L'ONU a annoncé la semaine dernière que les prix alimentaires mondiaux avaient atteint un nouveau record en décembre. Et nombres d’experts n’anticipent pas d’inversement de tendance pour 2011. Mais jusqu’où ira cette envolée des prix ?
Il faut dire que les raisons objectives ne manquent pas pour militer en faveur d’une poursuite de la hausse des denrées alimentaires. Car comme n’importe quel produit, les prix sont fixés en fonction de la rencontre de l’offre et la demande. Du coté de l’offre, les conditions météorologiques extraordinaires tels que les inondations ou la sécheresse ont amputé les récoltes et les stocks mondiaux. Les embargos et restrictions aux exportations qui en découlent ont également pesé sur l’offre. Du coté de la demande, les besoins croissants de la population mondiale, l’aspiration légitime des pays émergents à diversifier leur alimentation, notamment en viande, font exploser les importations de produits agricoles.
Déjà en juillet, l’embargo russe sur les exportations de blé pour cause de sécheresse avait jeté de l’huile sur le feu sur les marchés céréaliers, entraînant une violente flambée des cours qui avaient doublé en trois semaines. Ainsi, le blé, l’aliment de base pour les 2/3 de la population mondiale avec le riz, a flambé de +80% en 6 mois pour s’échanger 254 euros la tonne. Agritel, société spécialisée sur les marchés agricoles, voit le cours de la tonne de blé atteindre 300$ courant 2011 alors que les stocks français de blé sont à un taux historiquement bas, en recul de 40% par rapport à l’année dernière et que la demande mondiale ne cesse de croître.
Idem pour l’huile de palme qui s’est envolée de 60%. Quant au sucre, son cours a doublé en 6 mois, pour atteindre un plus haut depuis 30 ans. Sur le colza, le marché teste les plus hauts de l’année, soutenu par les inondations en Australie. Les stocks devraient être revu à la baisse compte tenu des importations chinoises qui ne faiblissent pas et des températures extrêmes qui persistent en Argentine à un stade crucial de la floraison. En conséquence, les stocks mondiaux de maïs devraient subir le même sort, ce qui devrait encore tendre la situation.
Au delà des denrées alimentaires, c’est l’ensemble des matières premières qui flambe. L’argent par exemple a progressé de 80% sur 6 mois. Aujourd’hui encore, le cacao gagne 1.9%, le café +1%, le coton +2.8%. L’or noir a progressé de 40% pour sur la même période. Sur la semaine, il gagne encore 3% pour renouer avec les 96.6$ alors qu'une fuite sur le pipeline trans-Alaska alimentant les USA a été découverte et a provoqué sa fermeture temporaire. Un pipeline qui alimente à lui seul 10 % de la production quotidienne américaine.

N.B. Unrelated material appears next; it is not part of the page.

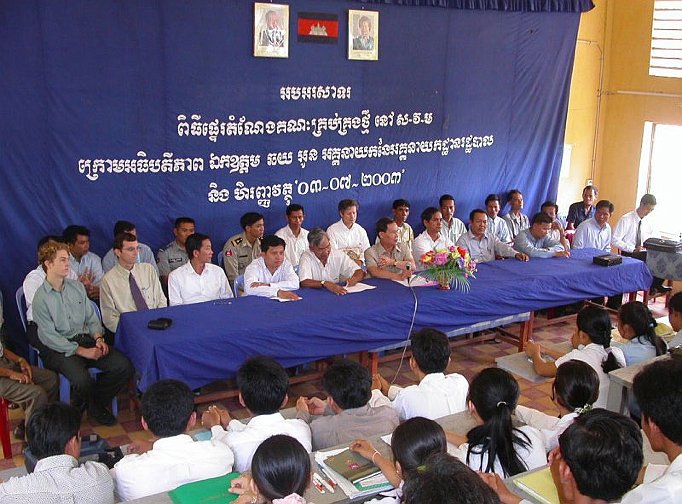 slide21.jpg - Faculty in main lecture hall speaking to students attending Maharishi Vedic University in Cambodia in 2006.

D’autre part, les importations des matières premières créent de l’inflation importée. Prenons l’exemple de la Russie où l’inflation a atteint 8.8% en 2010. Le prix de l'huile de tournesol a pour sa part grimpé de 27,6% en 2010, celui du sucre de 22,5% et celui du lait et des produits laitiers de 16,7%. Sur l'ensemble de 2010, l'agence russe des statistiques a notamment observé une envolée du prix des légumes secs, un des produits de base de l'alimentation russe, avec un bond de 58,8% des prix sur un an contre une baisse de 2,5% en 2009. Les prix des fruits et légumes ont également connu une hausse fulgurante de 45,6% en 2010, contre une baisse de 1,7% en 2009.
Au delà des raisons objectives, la spéculation mondiale amplifie l’envolée des matières premières. Ces marchés, très peu régulés et encadrés sont volatils, avec des mouvements brusques. A Chicago, sur la tonne de blé, on a constaté à la fin de l’hiver des variations de plus de 100 dollars au cours d’une même séance, soit environ 20 % de la cotation du jour. La semaine dernière, le riz, une denrée de base de l'alimentation en Asie a atteint 500 dollars la tonne, pour la première fois depuis vingt ans, en dépit du fait que la récolte du premier exportateur mondial, la Thaïlande, bat tous ses records.
Le café, qui a vu son prix faire un bond de 22% depuis le début de l'année fait face à un appétit croissant des hedge funds. En témoigne le fait que le volume des contrats négociés a bondi de 50% l'année dernière. Pourtant, la consommation mondiale n'augmentera cette année que de 1,6% selon l'International Coffee Organisation.